How to finetune with new Keras API?

Anyone working with the new Keras API?

Finetuning code doesn’t work and I can’t figure out how to implement with the 2.x branch of Keras.

What’s the error you are getting?
Some methods and parameters have been renamed in the new api

Many errors actually …

The whole finetuning code is broken it seems.

model.pop() throws an exception and it appears that you can no longer just do a model.add(Dense(...)) either to append new layers before compiling the model.

Looks like finetuning is drastically different with the latest version of Keras

I had to use the functional API in order to finetune the model as such.

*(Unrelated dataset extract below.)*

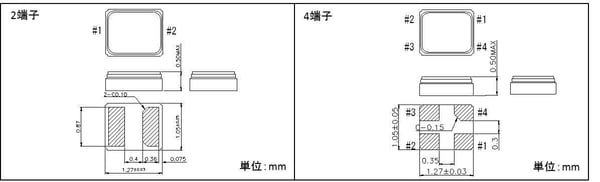 1f15f5951ac4a5abde7783a1813a6e43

Is there a better way???

model.layers.pop()
for layer in model.layers: layer.trainable = False
    
# recover the output from the last layer in the model and use as input to new Dense layer
last = model.layers[-1].output
x = Dense(train_batches.num_class, activation="softmax")(last)
model = Model(model.input, x)

model.compile(optimizer=Adam(lr=0.001), loss='categorical_crossentropy', metrics=['accuracy'])

The pop method has been moved to the layers class

try this instead

model.layers.pop()

correct. so has model.add()

See my code above. Not sure if there is another way or better way to finetune, but at least it works.

If you use keras 2 vgg you can exclude top layers by setting include top=False

 input_tensor = Input(shape=(img_width,img_height,3))
    # build the VGG16 network
    base_model = applications.VGG16(weights='imagenet', include_top=False,input_tensor=input_tensor)
    print('Model loaded.')
    print(base_model.summary())

# finetune
top_model = Sequential()
top_model.add(Flatten(input_shape=base_model.output_shape[1:]))
top_model.add(Dense(256, activation='relu'))
top_model.add(Dropout(0.5))
top_model.add(Dense(6, activation='sigmoid'))
top_model.load_weights(top_model_weights_path)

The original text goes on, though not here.